Women are frequently discouraged and often effectively barred from economic engagement by disproportionate burdens of unpaid care, gender-based violence, underinvestment in their education, need for spousal approval for employment, and legal barriers to participation in certain professions. Some of the economic barriers women face arise from foundational limitations, such as laws that limit women’s rights to inherit, own property, or enter contracts in their own name. Reducing those barriers while ensuring women have the legal and policy protections they need requires deliberate efforts by government, private sector, and civil society.
The benefits of women in the economy are substantial. Countries with greater balance of men and women in the workplace and workforce have greater growth, innovation, and stability. The same goes for firms: those with a stronger ratio of women in leadership, management, and the workforce outperform those with fewer women. While only five percent of the CEOs in Africa are women, the positive impact of female leadership is clear: businesses in Africa with the most women on their boards have an operating profit over 20 percent higher than industry averages.
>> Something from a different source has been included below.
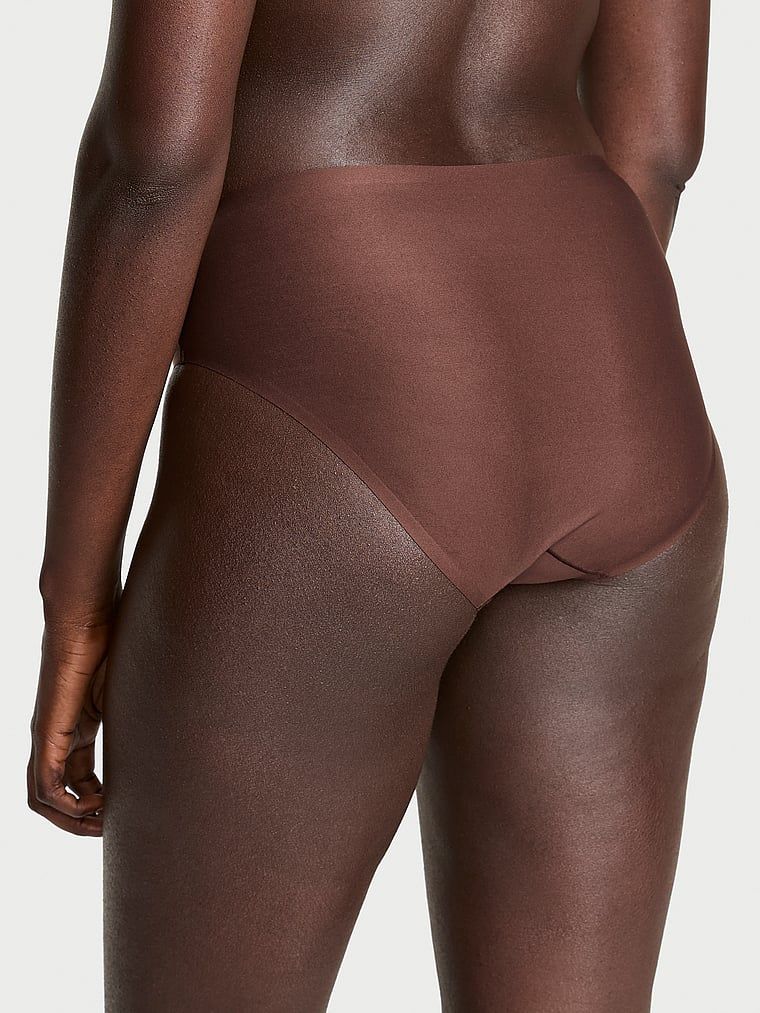 Majtki z mikrofibry Flex Bikini. Produkt ma kolor brązowy i pochodzi z kolekcji Body by Victoria.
Improvements in the enabling environment increase economic opportunities for all women in that economy, which in turn benefits their families, communities, firms, and nations as a whole through broad-based economic growth and development.
Women’s economic empowerment is also integral to our collective security. The larger the opportunity gap between men and women, the more likely a country is to be involved in violent conflict. Conversely, nations in which women have equal opportunities are more likely to thrive and solve challenges peacefully.
Women’s economic empowerment and equality exists when the enabling environment reduces the barriers women face to participating in the economy, whether those are legal, regulatory, or cultural.